## Activity
When you repeat the listing below, keep every word exactly and leave out each picture.

## Data extract
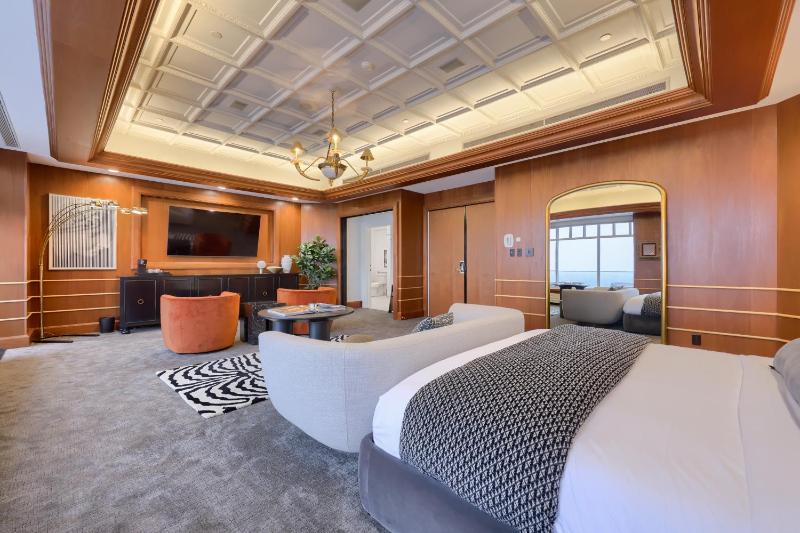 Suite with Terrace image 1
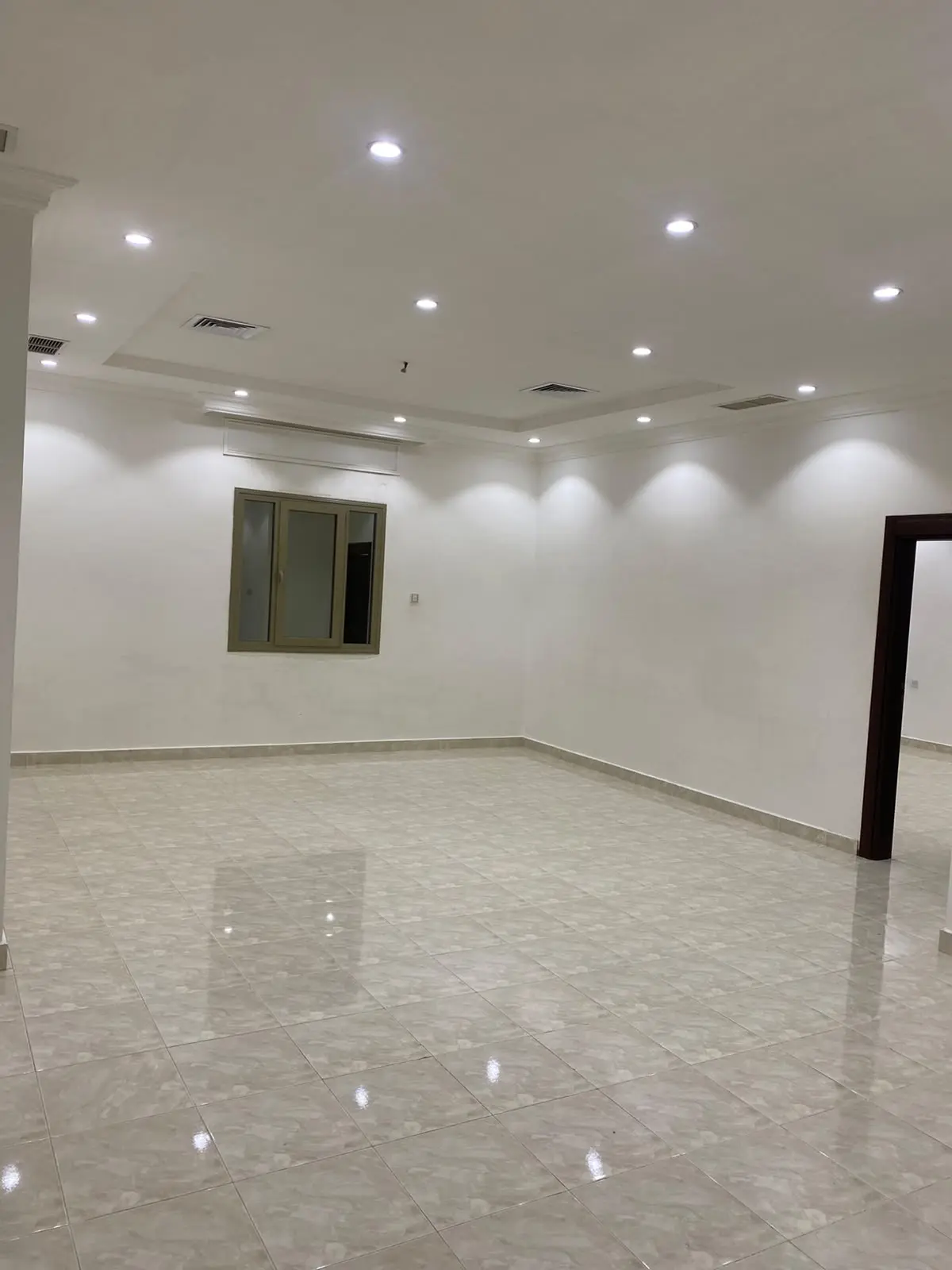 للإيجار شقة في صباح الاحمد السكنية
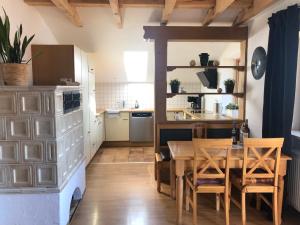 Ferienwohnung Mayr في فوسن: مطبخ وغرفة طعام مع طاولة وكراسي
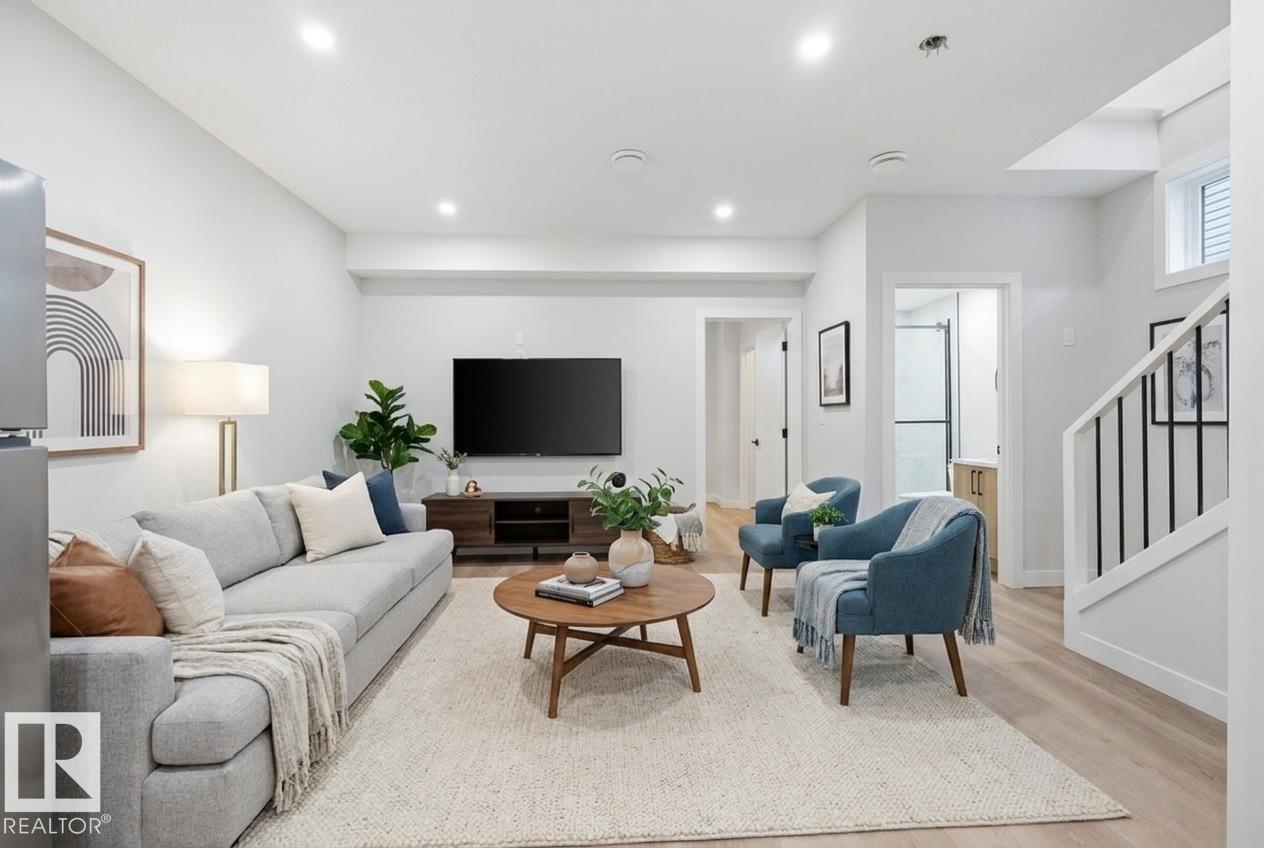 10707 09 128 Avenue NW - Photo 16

## Your solution
 Suite with Terrace image 1
 للإيجار شقة في صباح الاحمد السكنية
 Ferienwohnung Mayr في فوسن: مطبخ وغرفة طعام مع طاولة وكراسي
 10707 09 128 Avenue NW - Photo 16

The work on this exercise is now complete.